Question

Find the distance between the point $(2,3,-1)$ and foot or perpendicular drawn from $(3,1,-1)$ to the plane $x-y+3z=10$

Answer 1

Equation of plane-

$x-y+3z=10$

Direction ratio's of plane are- $1,-1,3$

Let the foot of perpendicular $L$ drawn from $P(3,1,-1)$ to the plane $x-y+z=10$ be $(x_1,y_1,z_1)$.

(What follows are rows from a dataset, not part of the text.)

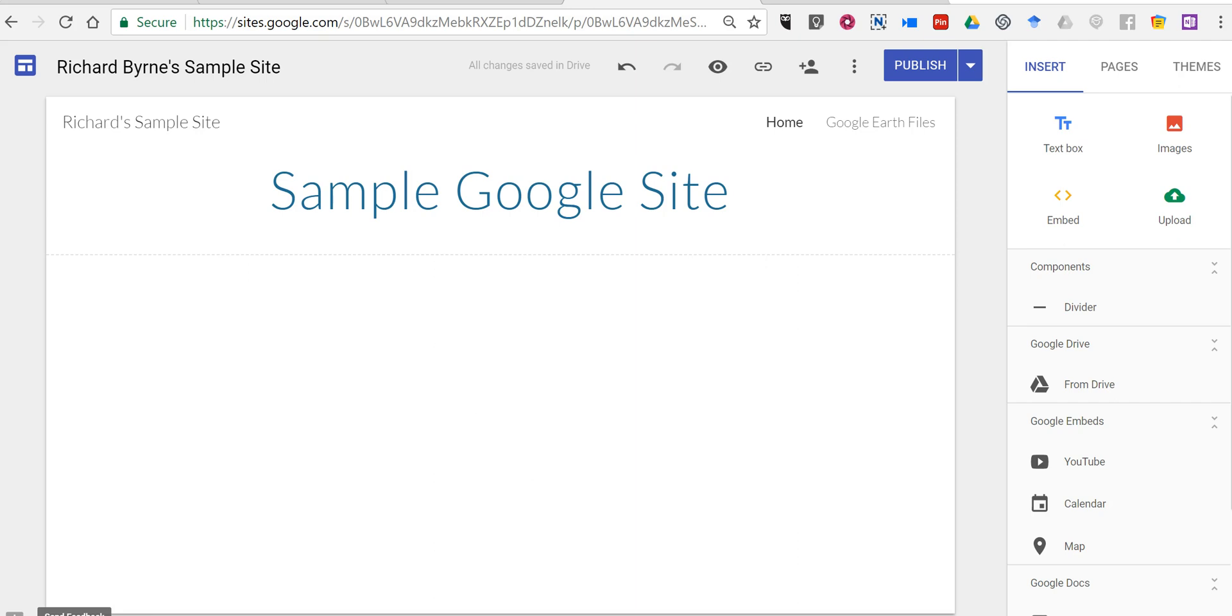Google Sites was recently updated to allow embedding content from third parties outside the Google ecosystem. So here's how it works.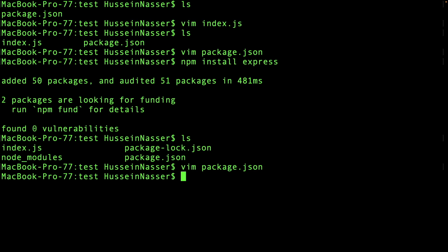We understand packages now. There's this huge node_modules folder, which you absolutely should not commit to GitHub. You can always generate it locally from package.json — it's always safer, keeps your GitHub clean, and there's no need to version it.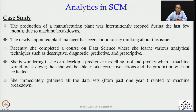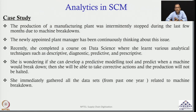The case is as follows: the production of a particular manufacturing plant was intermittently stopped during the last few months due to machine breakdowns — one or twice a month. The production manager was not happy because customers were being impacted; they were not getting products on time and might move to a different OEM. Therefore, a new plant manager was appointed.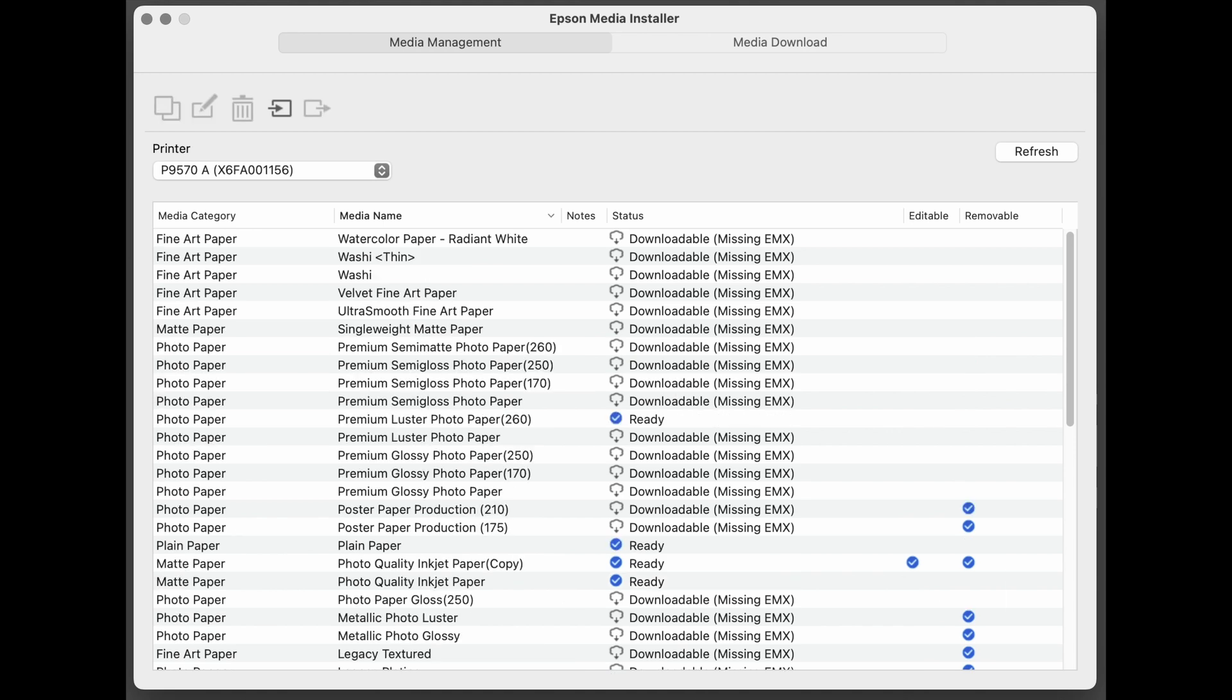And those are the key points of the update to Epson Media Installer, version 1.8.1. It's a good idea to periodically check Epson Software Updater for updates to any Epson software for the products that you may have.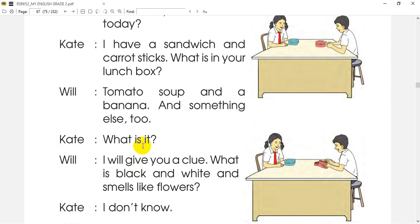What is black and white and smells like flowers? It smells like flowers, and flowers are full of flowers.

Therefore, the direction ratio's of $PL$ are-

$(x_1-3),(y_1-1)$ and $(z_1+1)$

Since perpendicular to plane is parallel to normal vector.

Direction ratio of plane and $\overrightarrow{PL}$ are proportional.

Therefore,

$\frac{x_1-3}{1}=\frac{y_1-1}{-1}=\frac{z_1+1}{3}=k\left(\text{Let}\right)$

$x_1=k+3$

$y_1=1-k$

$z_1=3k$

Since the point $L$ lie on the plane.

Thus,

$(k+3)-(1-k)+3(3k-1)=10$

$k+3-1+k+9k-3=10$

$11k=10+1$

$\Rightarrow k=\frac{11}{11}=1$

Thus,

$x_1=k+3=1+3=4$

$y_1=1-k=1-1=0$

$z_1=3k-1=3\left(1\right)-1=2$

Now, distance between the point $(2,3,-1)$ and foot of perpendicular $(4,0,2)$ is-

$d=\sqrt{{(4-2)}^2+{(0-3)}^2+{(2-(-1))}^2}$

$\Rightarrow d=\sqrt{4+9+9}=\sqrt{22}$

Hence the distance between the point $(2,3,-1)$ and foot of perpendicular $(4,0,2)$ is $\sqrt{22}$ units.